Chief executive Tony Durrant said it had been a strong first half for the group.

“I am particularly pleased with the continued high operating efficiency from our producing portfolio, which has enabled us to reduce our debt by $180m,” he said.

“This puts us in good stead to meet our debt reduction target for the full year, which remains a top priority for the group. In addition, we have retained significant optionality with our future developments and an extremely attractive exploration portfolio which together offer substantial upside exposure.”

As well as a significant rise in output from Catcher, the Elgin Franklin and Huntington North Sea fields, in which Premier has an interest, produced ahead of expectations during the period.

Although its Chim Sao field in Vietnam also delivered ahead of budget, gas production from its Indonesian asset fell due to availability of lower-cost LNG gas.

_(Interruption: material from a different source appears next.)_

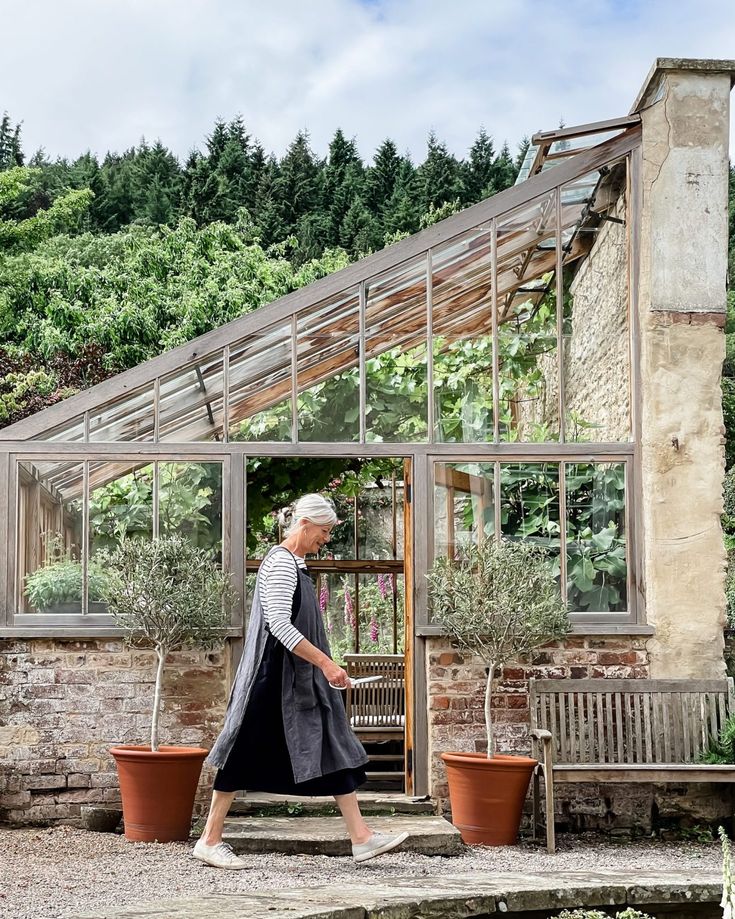 an old woman walking in front of a greenhouse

Premier said formal approval for two satellite oil fields at Catcher, which lies 170 kilometres south-east of Aberdeen, is expected next month and the Tolmount development that it will operate remains on schedule and budget.

David Barclay at Brewin Dolphin in Aberdeen said the update showed that Premier “continues to head in the right direction”.

He said: “Reducing leverage has been the major focus for the company in recent times and analysts will hope debt levels can pass through the $2bn mark in the near future. In production terms, Premier is doing well, with many of its assets outperforming expectations.”

However, he added that Premier’s share price is likely to continue to be buffeted by oil price volatility, “which has seen shareholders endure a torrid time over the past few years”.

Meanwhile, AIM-quoted United Oil & Gas yesterday sold two blocks in the North Sea to Malaysia’s Hibiscus Petroleum in a deal worth up to $5m. United acquired the blocks last year.